None of that sounded good to me. But I also knew that like me, my best friend has a tendency to turn every moment of his life into some type of Hollywood movie plot cliché. It’s important for us to relate our life experiences to something we’ve seen on TV. If someone sweeps us off our feet, our minds drift to scenes from Pretty Woman—but with a gay guy waiting on the fire escape while Richard Gere climbs up with flowers in his mouth. If work is boring, then we need to move to Paris just like the characters in Revolutionary Road dreamed of doing.
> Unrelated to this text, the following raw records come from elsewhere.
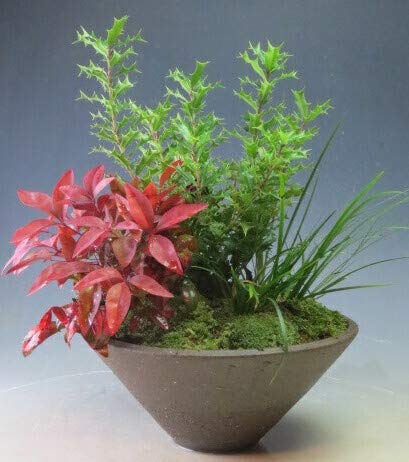 Amazon｜縁起のよい南天と姫ヒイラギの寄せ植え（ 646064 ）｜観葉植物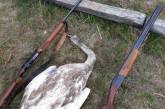 На Киевщине пьяные браконьеры расстреляли лебедя
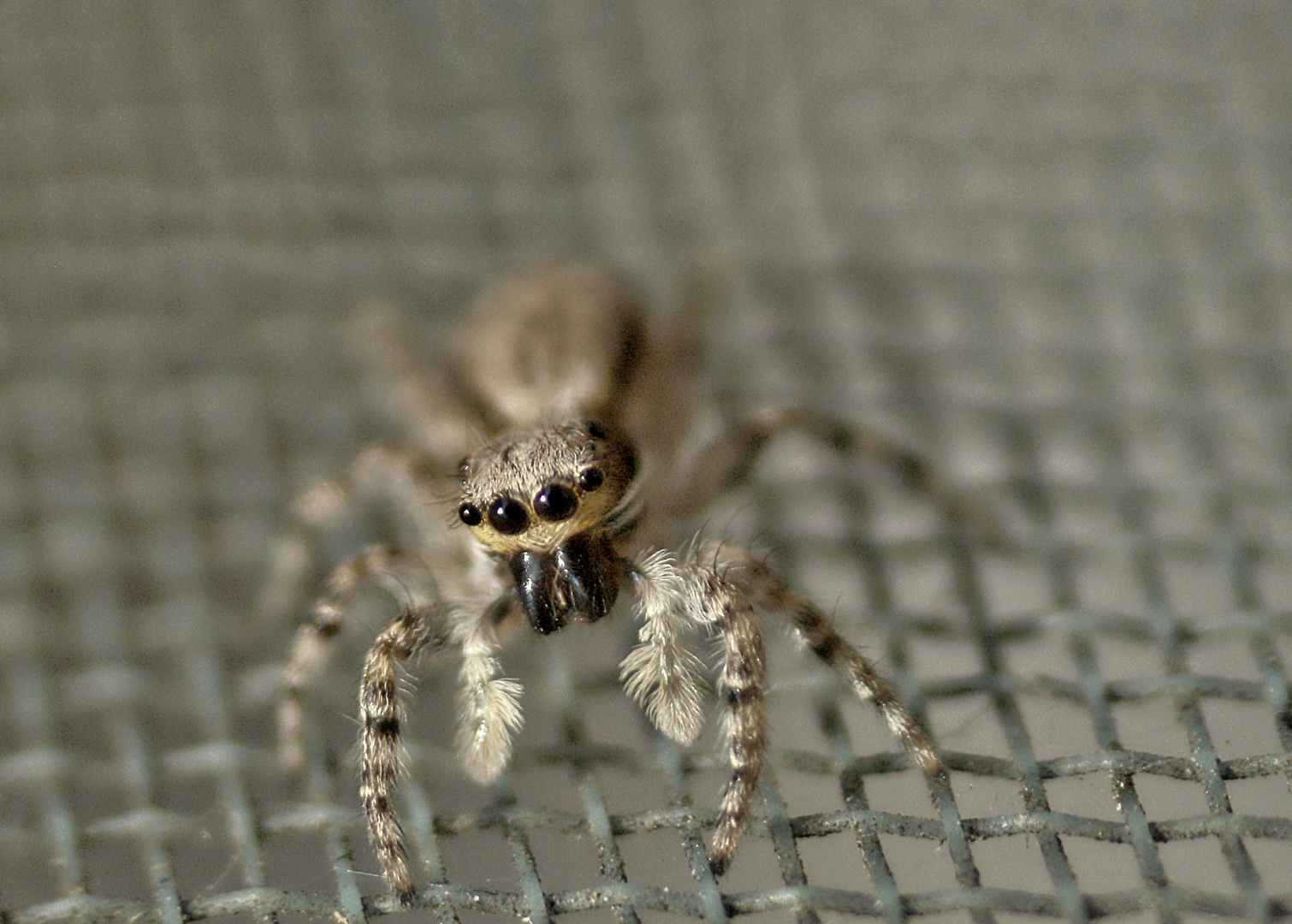 fotours - Springspinne auf Fliegengitter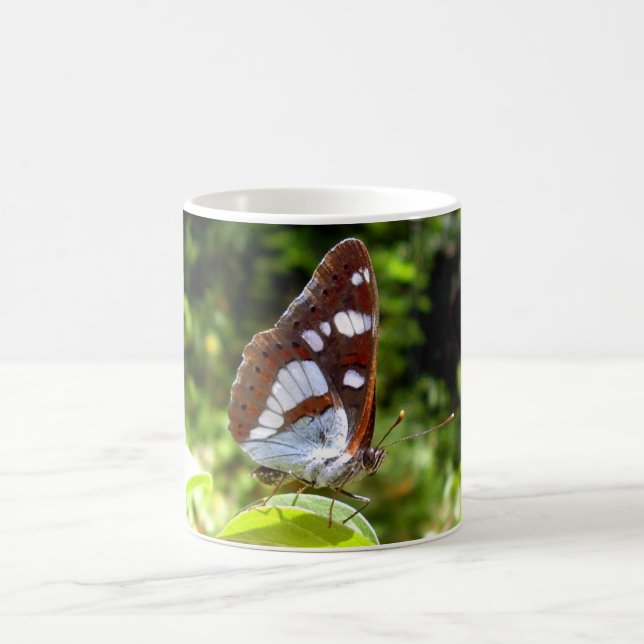 Sydvit amiral Butterfly Kryp Mugg (Center)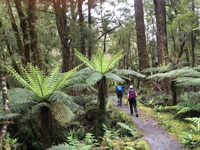 Picture of Exploring New Zealand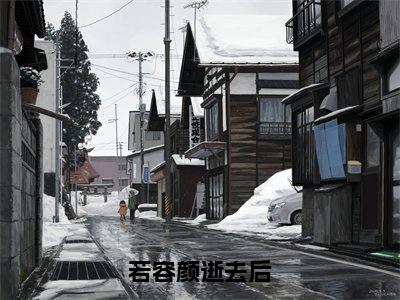 若容颜逝去后小说全文免费阅读(傅谨年唐静宛)全文免费阅读无弹窗_傅谨年唐静宛小说全文免费阅读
When I saw photos of the charred remains of my friend’s house, I was fascinated with some of the stranger objects that the fire consumed: a mattress stripped of everything but its squiggly metal frame, the plastic casing around a television wilted and wrinkled like an overripe orange. Everything burns. And all that’s left are saggy lumps that loosely resemble what once was. Initially, that’s a real downer. But perhaps it’s only sad because the lumps don’t look like anything in magazines and so we’re clueless as to how to appraise their value. Nobody brings a pile of broken, blackened Fiestaware to the Antiques Roadshow.
Maybe time slowly burns away our delusions of grandeur, pulling us out of movie-reenactment mode and forcing us to live an original life that, on the surface, seems uninteresting. Maybe that’s the greatest challenge in aging gracefully—coming to terms with the lump that’s left when time spoils our best-selling-memoir-worthy plans. We’ll never be geishas who fall in love with wealthy CEOs, and we won’t hide in attics to avoid being captured by Nazis. So now what? Do we stay in a soul-crushing job because the economy is in the crapper and mom says we should be thankful to have a job at all? Or do we set sail for a third-world country because agreeing with mom scares the shit out of us?
Perhaps there’s a third option that involves pissing mom off a little without getting malaria or parasites. But until I figure out what that is, I’m advising my friend to do something completely original—like move to Paris with a Russian artist so that the real love of his life can follow him there and finally find the courage to say, “I love you.” Or he could drive cross country with two sassy drag queens to compete in the mother of all drag pageants. (Just think what might happen if the car breaks down in the middle of nowhere!) Whatever he chooses, I’m sure the results will make for a great movie.